***** Raw data *****
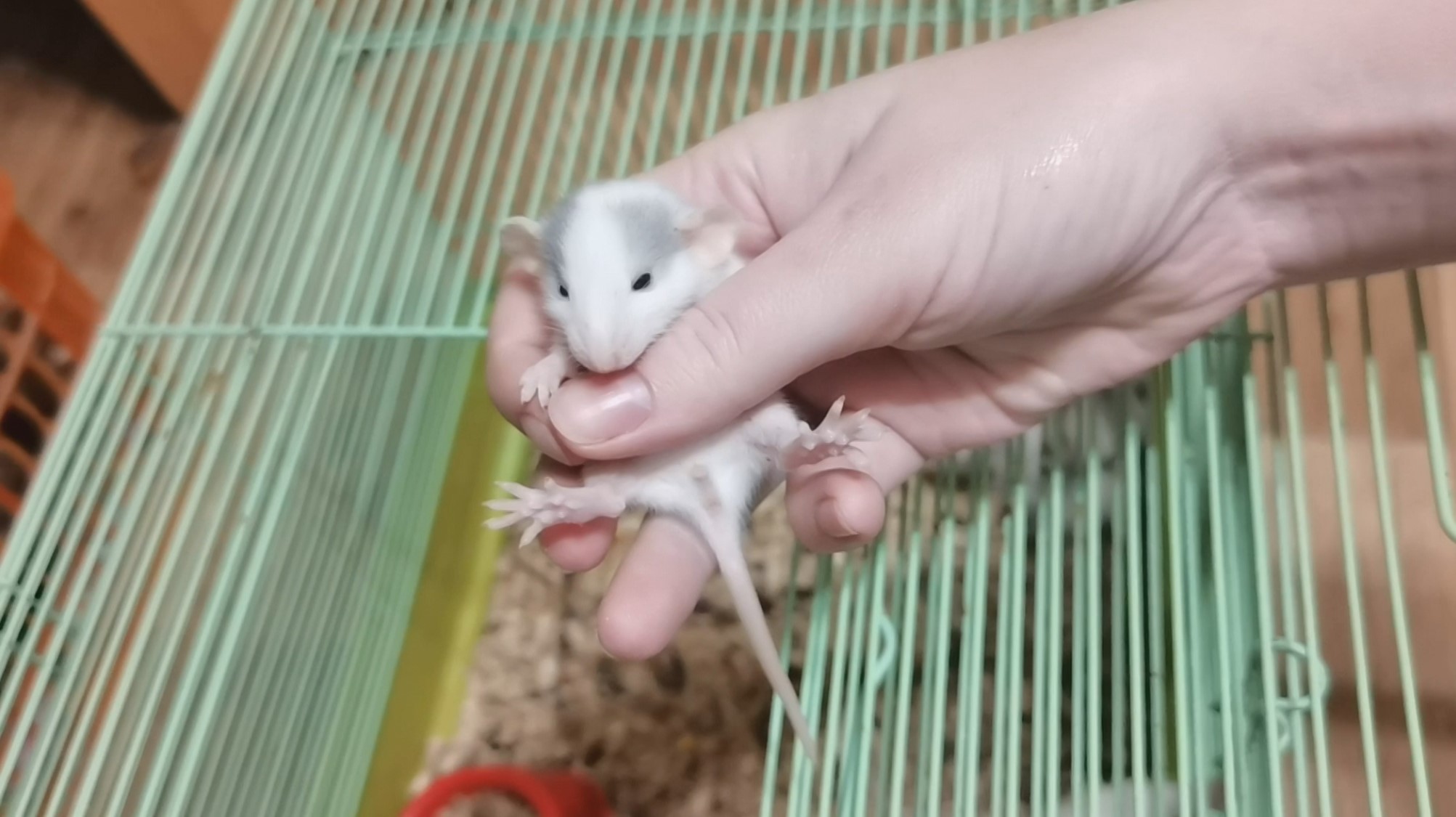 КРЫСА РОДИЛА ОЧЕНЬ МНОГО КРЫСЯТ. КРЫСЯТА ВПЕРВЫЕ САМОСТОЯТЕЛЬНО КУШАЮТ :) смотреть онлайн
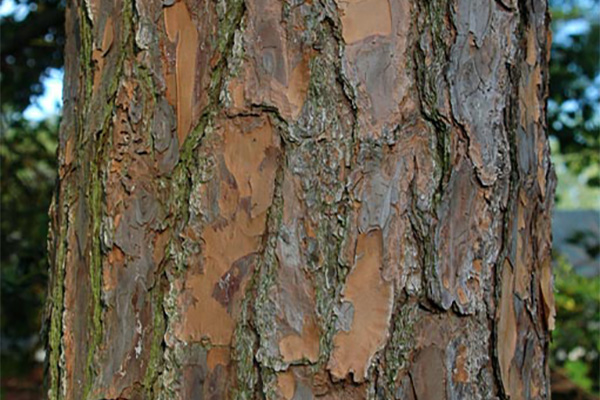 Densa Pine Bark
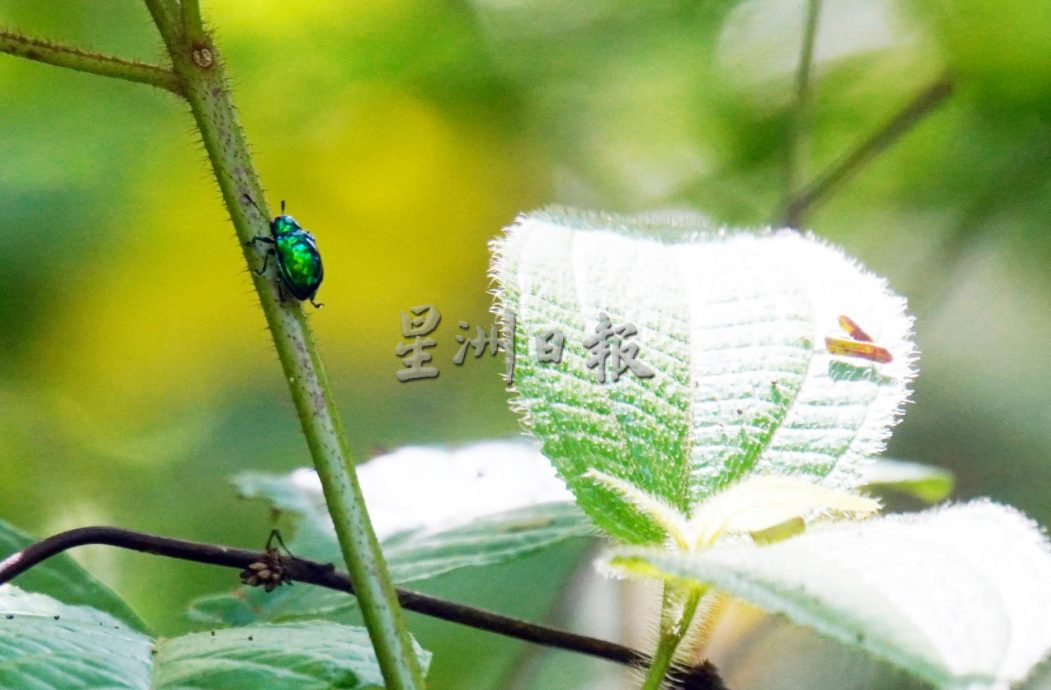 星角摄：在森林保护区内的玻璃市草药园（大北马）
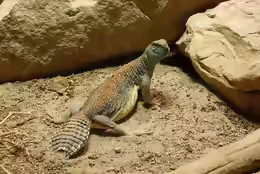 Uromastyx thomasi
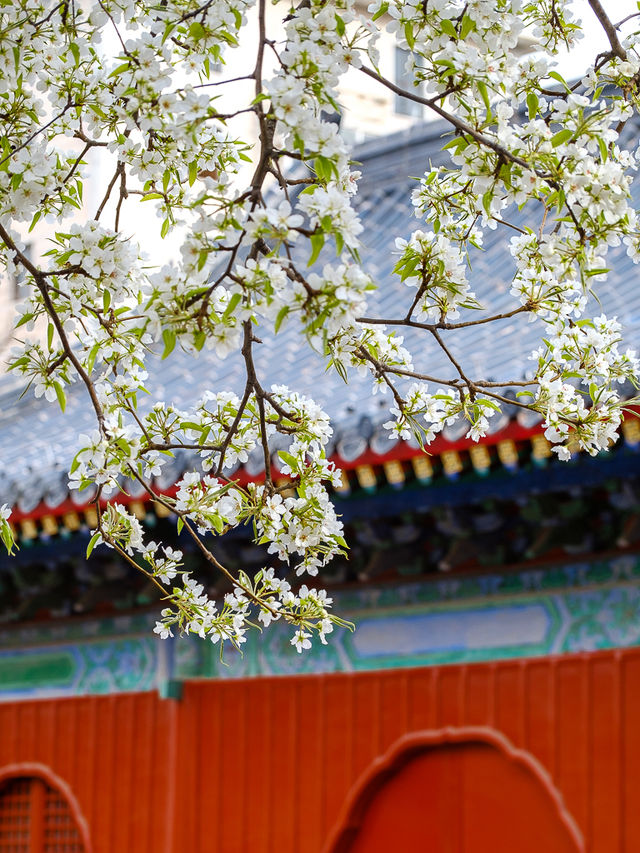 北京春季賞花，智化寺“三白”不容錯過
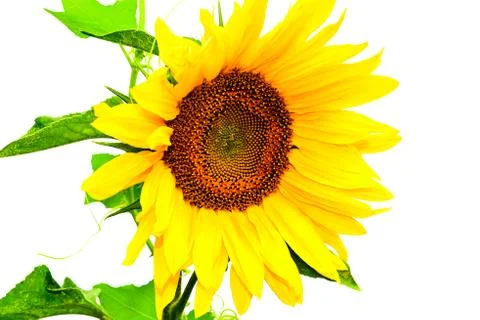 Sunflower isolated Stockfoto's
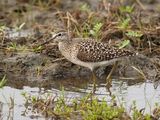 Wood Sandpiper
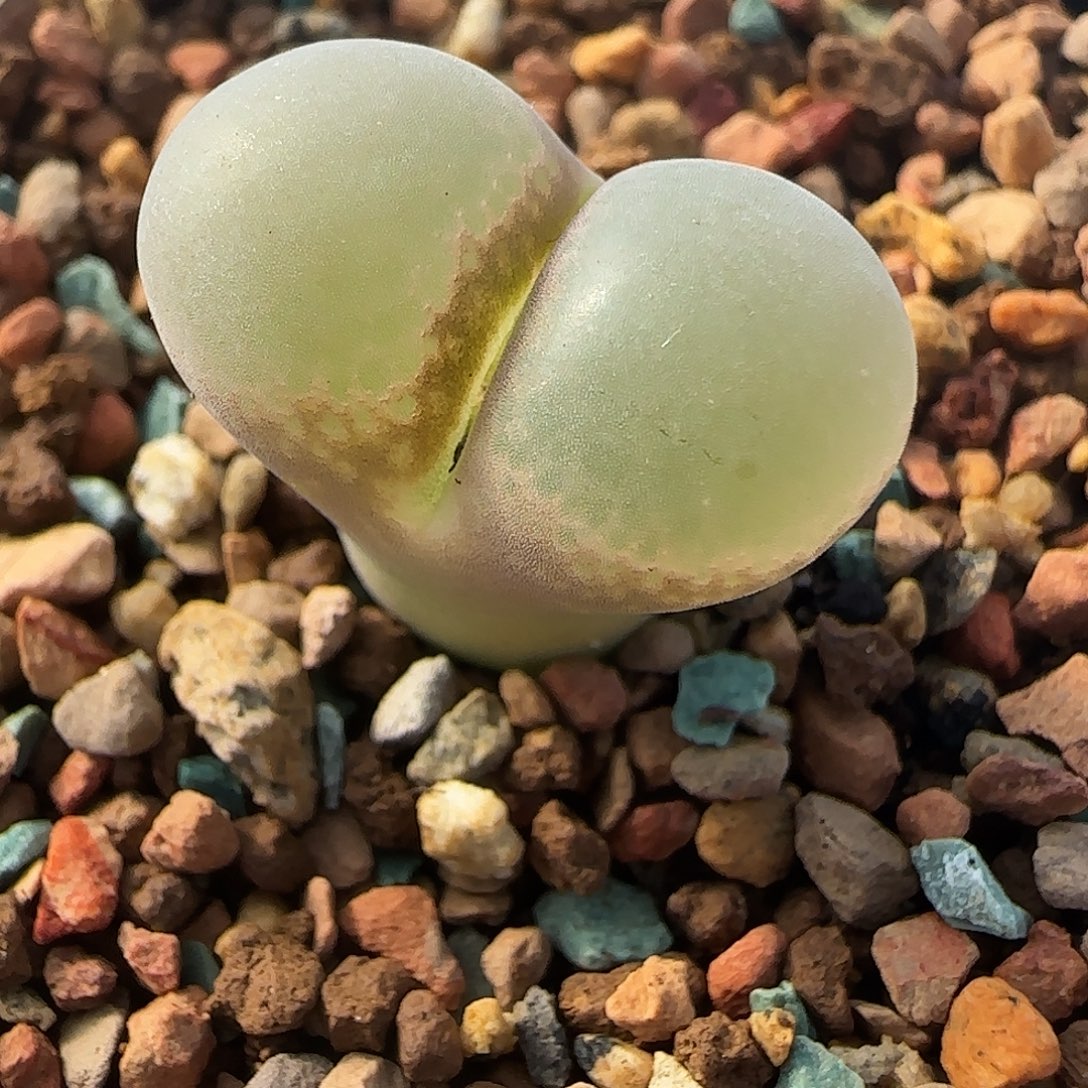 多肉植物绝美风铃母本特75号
*****
**To do**
Copy exactly the lines from the one containing "Densa Pine Bark" through the last line of the records above, including both, and omit every picture.

**Exercise response**
 Densa Pine Bark
 星角摄：在森林保护区内的玻璃市草药园（大北马）
 Uromastyx thomasi
 北京春季賞花，智化寺“三白”不容錯過
 Sunflower isolated Stockfoto's
 Wood Sandpiper
 多肉植物绝美风铃母本特75号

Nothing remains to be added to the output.